Another thing about the can of insanity: It says "We ID" in a little circle near the top. I love how the can is telling consumers and attempted buyers that it, the can, ID's its users. You know, just in case the clerk forgets to ID someone.

This shit was nauseating. Or maybe it was just the flavor, but it sucked ass. I don't know what the fuck kind of alcohol is in that but one really can't put a peg on it. If anything, it could be filled with cheap grain alcohol or street juice concocted by a Creole voodoo specialist. Ugh. This was no Mad Dog hobo alcohol (if you never tried Mad Dog, just ask a homeless person...it's not bad). It's almost like slightly carbonated fruit juice with alcohol added to it. The can has no ingredients list or nutritional information (haha) so I wouldn't know what the fuck is in it except caffeine, guarana, and the color Red #40 or something like that. Because knowing what shade of red is really important.

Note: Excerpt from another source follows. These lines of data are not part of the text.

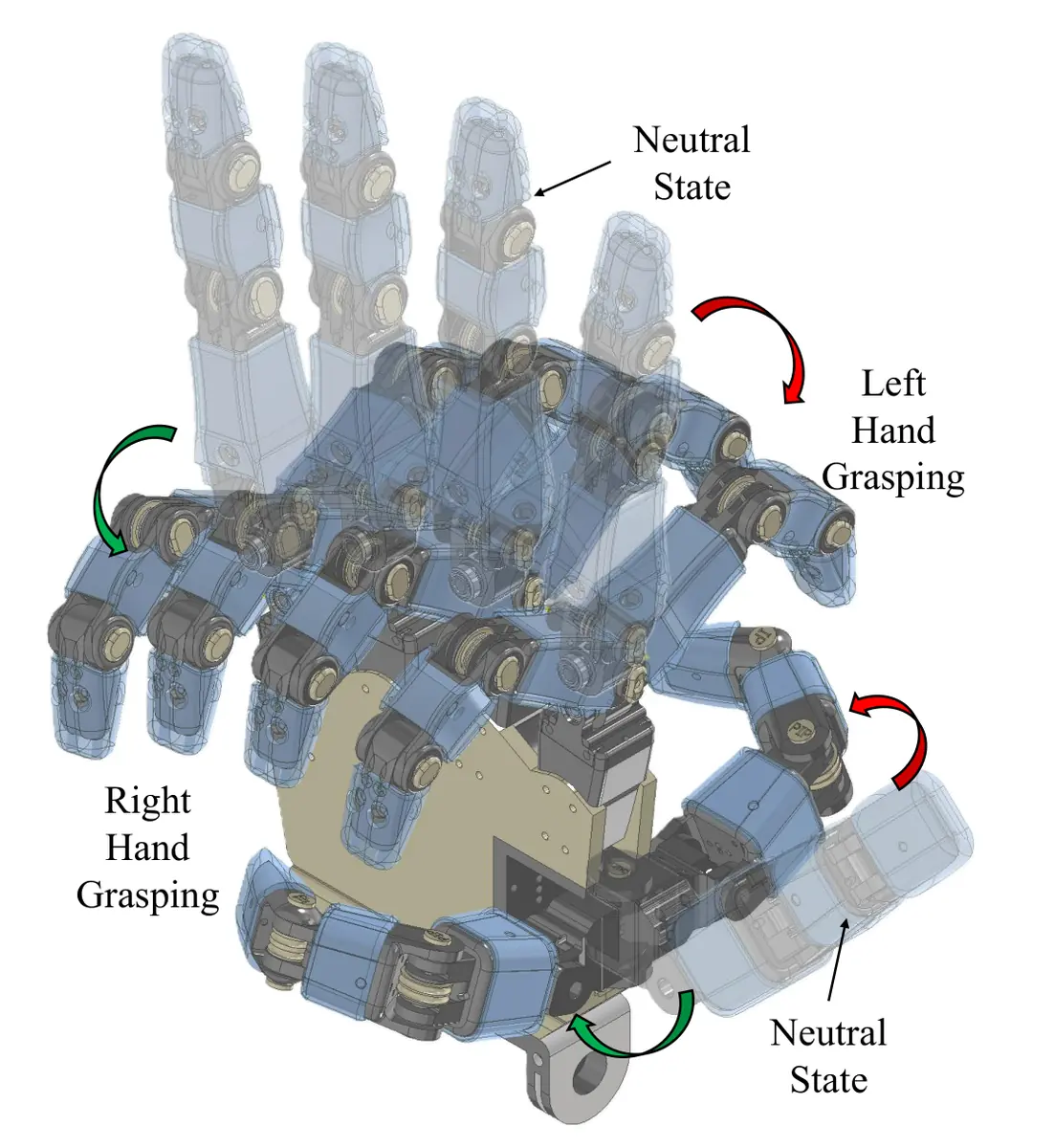Design and Validation of an Antagonistic Tendon-Driven Dexterous Robotic Hand with Bidirectional Operation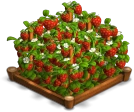 Fraises 02.png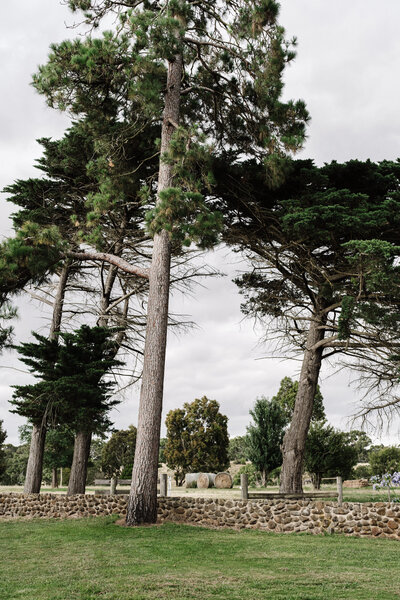 Woolbrook+Homestead+Marnie+Hawson (2)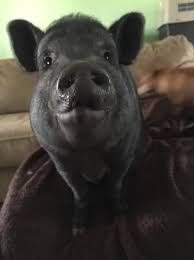 It's natural to wonder about the total costs after finding out about their needs, so here's a helpful page that can explain all the costs in full detail for you. Realistic Growth Sizes Of Mini Pigs Mini Pig Info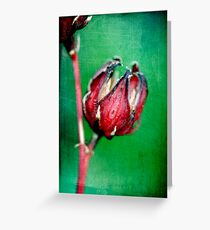 Origin Greeting Card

It took me about 2 hours to finish. It was unbearable. I only wanted to finish it just so I could say I did. But as I sipped on it, I did feel the effects. Whoooooooo i got full, and googly-eyed but I didn't have a desire to take my top off or make out with anyone. I was chill, enjoyed myself and talked to people without slurring my words. Then I sobered up, got bored, and called a cab to go home. But it was fun. I don't know about Cranberry Lemonade. I hear Watermelon was rather promising. Maybe next time.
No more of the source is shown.